Friday, April 19, 2024

Mediocrity Has Taught Me to Fish

Recently my business got a 3-star review from a customer, and it felt super unfair. We did an amazing job on his project, and he told our staff how pleased he was with his new roof. Yet on the 3-star review he commented only that after he paid as much as he did for a new roof, you’d think we would send him photos of his finished project.

Ouch. Burn.

Part of our company culture is that whenever we receive negative feedback or any constructive criticism, we do not just jump to the defensive (or if we do, we bring ourselves back to center before we react). I firmly believe that in every criticism, there is a grain of truth and something that we can learn from, do better at, and improve our process. Customers who take the time to give us feedback, even and maybe especially negative feedback, are actually giving us a gift. Even though it certainly doesn’t feel like it.

Now, I’ve thought about sending finished project photos in the past, but generally we just send them when a customer requests them. When we received this review, one of my first reactions was guilt for not implementing this long ago. But let bygones be bygones, all I can do is change it going forward.
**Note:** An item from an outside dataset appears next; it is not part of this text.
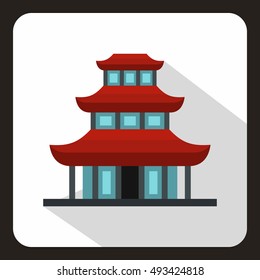 Buddhist temple icon in flat style on a white background vector illustration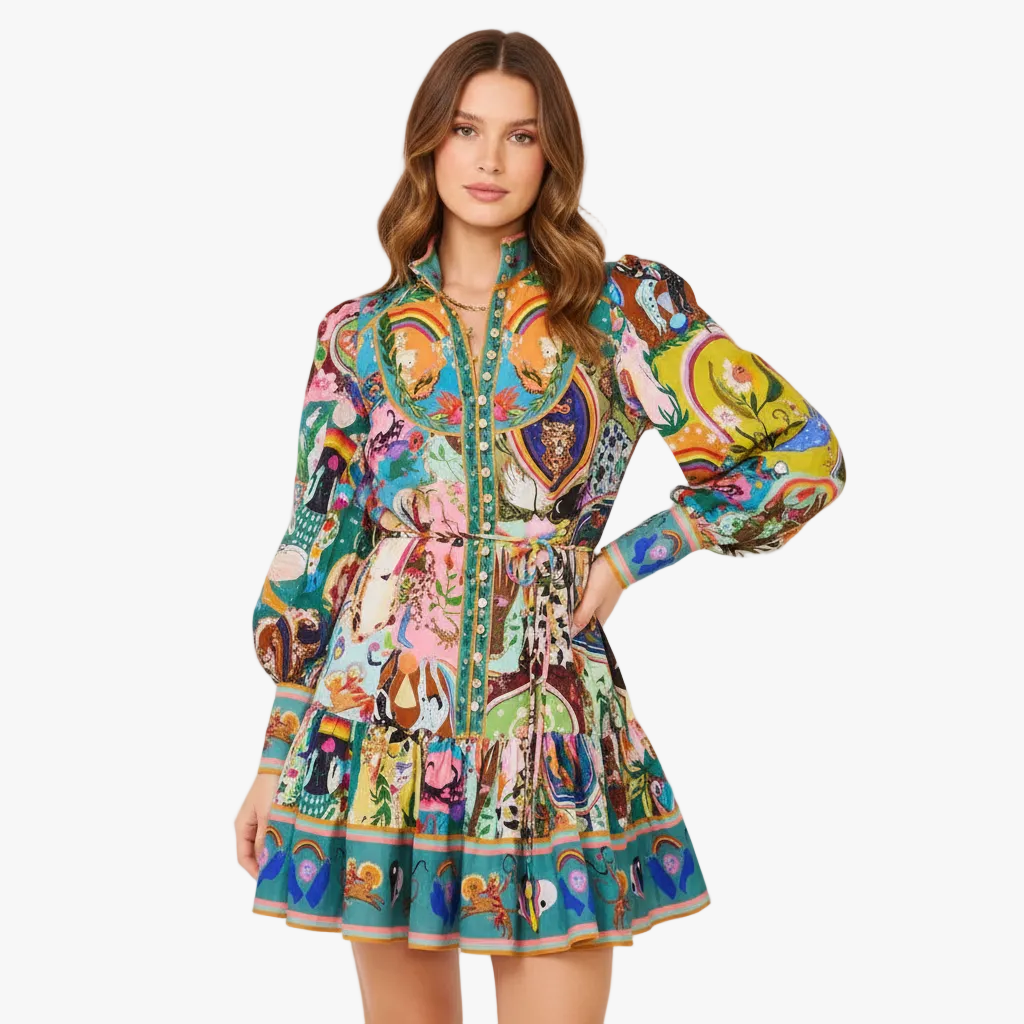 Elena Shirt Mini Dress - Balloon Sleeve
I created an email template that:

1.       Lets customers know their project is complete (no matter how big or small),

2.       Attaches some job completion photos,

3.       Mentions nothing at all about payment,

4.       Asks them to contact us directly if they are not pleased with any aspect of the project,

5.       Asks them if they were pleased to leave us a review (I then I provided three links to leave us reviews at (Google, BBB, and Yelp!))

The first person we sent this email to with photos was the man who had left us the three-star review. His response? He was just so happy with our team and his final project and thank you so much. We were a bit puzzled.

I then directly emailed the customer, sincerely thanked him for his feedback, told him the changes I had implemented based on his feedback, and asked him kindly to consider changing his review. He has not responded to my email, nor has he changed his review. Yet I’ve reaped the reward, and that three-star review has yielded dividends.

The very next day one of our customers came into the office, beaming about his experience with us – from the crew to the roof to the staff in the office to his bottle of Roofer Chick Red wine – but especially his final photos he had received. He then left us a 5-star review.

Since then, we’ve gotten four more 5-star reviews from the email.

I pay a review company $750 a month to get us reviews because we have struggled so hard to get customers to give us reviews. This review service gets us 5-8 reviews a month, and I’ve been pretty happy with those results. BUT LOOK – apparently, we just got taught how to fish. It’s magic!

If this is as effective as I think it is going to be, it’s going to save us $9,000 annually and generate more reviews than they are getting us!!! That 3-star review changed my life and is worth it’s own weight in gold.

I’ve never been so grateful to be graded as mediocre!